Six Ways to Personalize Your Garden

This post may contain affiliate links. Please read my Disclosure Policy for details.

I love this time of year. Spring signals rebirth and new life, as this part of the world awakens from winter’s sleep. For me, spring is gardening season, as plants awaken as well.

In my Backyard Garden Series, I’ve shared information about various types of plants, tips for gardening and ecological hacks. Today I add to that series with this post, Six Ways to Personalize Your Garden.

As important as the flowers, herbs and veggies are, it’s the personal touches that make a garden uniquely yours. That backyard paradise, patio garden or window box full of herbs becomes a canvas to create upon. No matter how large or small the space, the garden is your opportunity to tell your story.

Six Ways to Personalize Your Garden title meme

What Story Do You Want to Tell?

These ideas, grouped into six categories, are merely suggestions to spark creativity. There are endless ways to create gardens, whether they look formal, look wild or fall somewhere in between.

It’s fun to plan a garden. Choosing which plants to grow, what layout to use, whether your garden has a theme or not is just the beginning. After all the planning and planting comes stamping your garden with your unique style and personality. Choose ideas from one of the categories below, several of them or all of them.
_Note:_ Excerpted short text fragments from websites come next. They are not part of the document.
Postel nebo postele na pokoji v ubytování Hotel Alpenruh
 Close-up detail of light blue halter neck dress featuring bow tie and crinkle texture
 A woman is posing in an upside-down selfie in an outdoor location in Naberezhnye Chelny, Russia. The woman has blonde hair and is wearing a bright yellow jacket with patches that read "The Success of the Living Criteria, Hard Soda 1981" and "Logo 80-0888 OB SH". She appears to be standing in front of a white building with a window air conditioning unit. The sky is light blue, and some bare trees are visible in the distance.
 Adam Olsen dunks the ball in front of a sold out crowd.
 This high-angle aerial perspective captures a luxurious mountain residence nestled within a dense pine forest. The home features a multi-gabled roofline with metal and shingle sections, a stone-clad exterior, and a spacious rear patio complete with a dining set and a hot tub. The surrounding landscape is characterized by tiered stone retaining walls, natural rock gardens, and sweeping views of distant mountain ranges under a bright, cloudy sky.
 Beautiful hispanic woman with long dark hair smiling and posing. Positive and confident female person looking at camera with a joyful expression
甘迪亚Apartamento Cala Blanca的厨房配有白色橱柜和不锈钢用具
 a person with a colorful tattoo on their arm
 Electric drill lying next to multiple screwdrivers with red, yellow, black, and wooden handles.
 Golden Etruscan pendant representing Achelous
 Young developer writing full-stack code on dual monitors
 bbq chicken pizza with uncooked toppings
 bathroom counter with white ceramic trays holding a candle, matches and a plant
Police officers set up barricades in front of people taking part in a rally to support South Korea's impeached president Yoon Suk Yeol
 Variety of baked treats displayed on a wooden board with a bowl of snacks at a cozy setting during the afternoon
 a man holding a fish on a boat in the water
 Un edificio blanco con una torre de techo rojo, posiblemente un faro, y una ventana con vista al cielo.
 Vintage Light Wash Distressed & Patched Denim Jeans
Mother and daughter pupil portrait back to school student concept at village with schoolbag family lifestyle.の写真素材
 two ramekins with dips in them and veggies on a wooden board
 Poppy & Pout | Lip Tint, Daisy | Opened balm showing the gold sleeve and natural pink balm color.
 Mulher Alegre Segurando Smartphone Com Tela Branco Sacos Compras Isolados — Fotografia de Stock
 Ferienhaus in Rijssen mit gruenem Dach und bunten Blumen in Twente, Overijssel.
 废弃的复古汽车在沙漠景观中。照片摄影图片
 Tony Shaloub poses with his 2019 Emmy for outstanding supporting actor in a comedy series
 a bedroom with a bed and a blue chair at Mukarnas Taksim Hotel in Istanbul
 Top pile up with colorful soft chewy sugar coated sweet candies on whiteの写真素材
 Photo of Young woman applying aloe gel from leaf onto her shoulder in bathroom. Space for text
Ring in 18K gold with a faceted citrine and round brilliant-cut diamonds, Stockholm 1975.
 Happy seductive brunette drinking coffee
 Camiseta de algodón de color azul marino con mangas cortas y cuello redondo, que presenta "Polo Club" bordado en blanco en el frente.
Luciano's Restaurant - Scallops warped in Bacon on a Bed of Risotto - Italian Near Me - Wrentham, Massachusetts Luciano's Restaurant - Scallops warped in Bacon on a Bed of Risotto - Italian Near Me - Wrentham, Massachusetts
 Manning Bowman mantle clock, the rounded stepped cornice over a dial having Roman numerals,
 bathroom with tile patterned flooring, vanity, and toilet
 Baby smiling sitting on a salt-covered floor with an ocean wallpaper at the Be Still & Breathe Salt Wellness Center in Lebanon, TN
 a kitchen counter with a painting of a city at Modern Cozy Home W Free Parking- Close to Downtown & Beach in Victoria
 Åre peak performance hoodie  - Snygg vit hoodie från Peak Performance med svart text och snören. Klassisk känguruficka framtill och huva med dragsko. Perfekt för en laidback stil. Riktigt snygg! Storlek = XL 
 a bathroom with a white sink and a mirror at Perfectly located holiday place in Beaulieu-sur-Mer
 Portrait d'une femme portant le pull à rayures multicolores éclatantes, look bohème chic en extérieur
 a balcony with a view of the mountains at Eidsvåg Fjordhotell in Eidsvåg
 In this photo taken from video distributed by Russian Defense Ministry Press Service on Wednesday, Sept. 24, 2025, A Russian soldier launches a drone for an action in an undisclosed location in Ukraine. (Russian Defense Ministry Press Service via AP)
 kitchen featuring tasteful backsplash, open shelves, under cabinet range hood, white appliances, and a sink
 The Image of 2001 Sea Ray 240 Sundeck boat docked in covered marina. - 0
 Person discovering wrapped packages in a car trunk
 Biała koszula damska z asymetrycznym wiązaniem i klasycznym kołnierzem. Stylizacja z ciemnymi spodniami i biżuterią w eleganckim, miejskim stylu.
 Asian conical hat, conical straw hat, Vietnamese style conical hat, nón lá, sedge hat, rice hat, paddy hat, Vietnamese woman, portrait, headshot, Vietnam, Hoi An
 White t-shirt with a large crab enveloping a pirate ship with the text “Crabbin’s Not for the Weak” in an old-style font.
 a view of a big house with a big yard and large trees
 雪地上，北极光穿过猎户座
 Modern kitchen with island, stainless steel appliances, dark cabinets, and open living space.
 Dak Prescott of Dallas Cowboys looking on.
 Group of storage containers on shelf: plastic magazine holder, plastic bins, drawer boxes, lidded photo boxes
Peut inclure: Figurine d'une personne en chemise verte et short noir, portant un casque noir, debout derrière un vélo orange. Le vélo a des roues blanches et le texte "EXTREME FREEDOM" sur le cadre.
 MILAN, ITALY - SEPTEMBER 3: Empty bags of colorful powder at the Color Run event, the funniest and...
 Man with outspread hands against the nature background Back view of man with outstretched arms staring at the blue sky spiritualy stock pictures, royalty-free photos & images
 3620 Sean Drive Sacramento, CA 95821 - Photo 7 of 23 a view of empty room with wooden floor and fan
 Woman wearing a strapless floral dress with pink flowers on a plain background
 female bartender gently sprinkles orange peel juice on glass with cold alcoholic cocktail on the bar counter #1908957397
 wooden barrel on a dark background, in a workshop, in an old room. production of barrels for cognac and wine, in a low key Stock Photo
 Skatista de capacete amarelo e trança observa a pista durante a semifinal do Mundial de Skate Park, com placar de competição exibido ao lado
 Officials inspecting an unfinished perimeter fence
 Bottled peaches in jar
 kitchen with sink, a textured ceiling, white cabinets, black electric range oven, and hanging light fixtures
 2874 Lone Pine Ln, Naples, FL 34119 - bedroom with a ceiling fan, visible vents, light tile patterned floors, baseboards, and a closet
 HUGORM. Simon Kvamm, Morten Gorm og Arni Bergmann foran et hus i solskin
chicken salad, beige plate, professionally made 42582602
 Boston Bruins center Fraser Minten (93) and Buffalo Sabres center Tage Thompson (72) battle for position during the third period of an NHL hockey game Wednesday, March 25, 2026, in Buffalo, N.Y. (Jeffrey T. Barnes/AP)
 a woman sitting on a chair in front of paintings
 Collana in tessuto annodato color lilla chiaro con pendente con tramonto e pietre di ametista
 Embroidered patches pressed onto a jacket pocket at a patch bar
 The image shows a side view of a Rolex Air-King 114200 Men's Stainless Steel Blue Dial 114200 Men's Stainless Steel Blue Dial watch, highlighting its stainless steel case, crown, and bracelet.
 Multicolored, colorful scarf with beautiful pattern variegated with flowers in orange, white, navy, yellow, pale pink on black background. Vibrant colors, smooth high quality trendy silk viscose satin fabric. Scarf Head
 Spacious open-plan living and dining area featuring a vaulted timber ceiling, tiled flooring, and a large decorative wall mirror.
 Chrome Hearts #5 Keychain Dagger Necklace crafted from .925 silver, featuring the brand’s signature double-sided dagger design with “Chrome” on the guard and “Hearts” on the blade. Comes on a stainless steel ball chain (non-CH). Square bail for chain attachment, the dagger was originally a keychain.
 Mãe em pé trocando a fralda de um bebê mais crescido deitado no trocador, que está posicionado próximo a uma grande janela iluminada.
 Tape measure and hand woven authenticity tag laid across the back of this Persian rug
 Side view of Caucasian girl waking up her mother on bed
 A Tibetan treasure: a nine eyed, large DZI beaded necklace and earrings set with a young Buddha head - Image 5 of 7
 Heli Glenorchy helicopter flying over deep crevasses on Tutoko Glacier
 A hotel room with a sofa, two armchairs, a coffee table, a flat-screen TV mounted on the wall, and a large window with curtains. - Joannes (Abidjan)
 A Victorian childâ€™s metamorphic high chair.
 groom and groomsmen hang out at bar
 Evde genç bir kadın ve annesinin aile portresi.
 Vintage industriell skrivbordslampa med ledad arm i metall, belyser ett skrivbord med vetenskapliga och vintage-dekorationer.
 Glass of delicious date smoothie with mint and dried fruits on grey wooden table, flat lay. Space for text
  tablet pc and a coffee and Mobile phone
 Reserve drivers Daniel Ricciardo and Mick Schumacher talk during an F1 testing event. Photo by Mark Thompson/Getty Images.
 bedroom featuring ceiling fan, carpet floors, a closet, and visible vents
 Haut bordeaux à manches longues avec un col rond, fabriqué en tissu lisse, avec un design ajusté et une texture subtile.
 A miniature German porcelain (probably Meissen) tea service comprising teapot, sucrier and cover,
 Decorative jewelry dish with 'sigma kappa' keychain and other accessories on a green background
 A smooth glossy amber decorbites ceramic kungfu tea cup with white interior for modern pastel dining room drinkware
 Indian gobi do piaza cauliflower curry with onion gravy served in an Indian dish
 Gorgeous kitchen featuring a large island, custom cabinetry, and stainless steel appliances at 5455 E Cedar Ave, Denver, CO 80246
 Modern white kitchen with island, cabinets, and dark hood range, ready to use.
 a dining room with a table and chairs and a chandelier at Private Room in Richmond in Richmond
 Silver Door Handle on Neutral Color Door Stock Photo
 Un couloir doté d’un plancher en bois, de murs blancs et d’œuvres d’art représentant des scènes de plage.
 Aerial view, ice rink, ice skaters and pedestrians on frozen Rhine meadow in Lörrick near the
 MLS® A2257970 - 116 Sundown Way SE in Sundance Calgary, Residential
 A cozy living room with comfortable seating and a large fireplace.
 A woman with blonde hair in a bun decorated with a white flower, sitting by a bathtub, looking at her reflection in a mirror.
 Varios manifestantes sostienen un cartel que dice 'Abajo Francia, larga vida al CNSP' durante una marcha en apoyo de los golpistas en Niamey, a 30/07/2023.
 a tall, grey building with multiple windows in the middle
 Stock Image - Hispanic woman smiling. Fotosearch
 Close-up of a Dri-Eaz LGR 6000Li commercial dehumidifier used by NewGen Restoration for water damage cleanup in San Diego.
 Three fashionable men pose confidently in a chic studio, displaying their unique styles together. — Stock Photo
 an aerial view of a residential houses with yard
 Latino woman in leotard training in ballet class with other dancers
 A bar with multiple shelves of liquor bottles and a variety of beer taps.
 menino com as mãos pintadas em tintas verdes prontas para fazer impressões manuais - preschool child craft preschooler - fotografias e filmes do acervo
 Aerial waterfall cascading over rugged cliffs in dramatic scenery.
Six Ways to Personalize Your Garden firepit
Six ways to personalize your garden – features such as fire pits

Foundational Features

Features provide a foundation for the garden, designating certain areas for particular purposes. When planning the garden, decide what you’d love to include in this outdoor space. This is your sanctuary so make sure whatever you add is a reflection of you.

For me, a fire pit, seating areas and a secluded space for meditation and contemplation were important initially. I’m now in the process of upgrading the meditation area and adding a water feature and electricity for lighting. And I’d love to have an inviting, bohemian style hammock in the shadier north side of the yard.

Feature ideas:

  • fire pits/fireplaces
  • patios/seating areas
  • water features
  • pathways
  • gazebos/structures
  • secluded areas
  • outdoor rooms/kitchens
  • lighting
  • speakers for music
Contemplative Corner
Six ways to personalize your garden – secluded space with its vintage brick

Artistic Accents

With the foundational areas designated, and plants in the ground, now is the time to play creatively. Do you paint? Create garden art. Sew? Make cushions for chairs, swings or the patio in your favorite patterns and colors. Whatever your creative passion…building birdhouses, pottery, macrame, stained glass, metal work…bring your artistic abilities into the garden.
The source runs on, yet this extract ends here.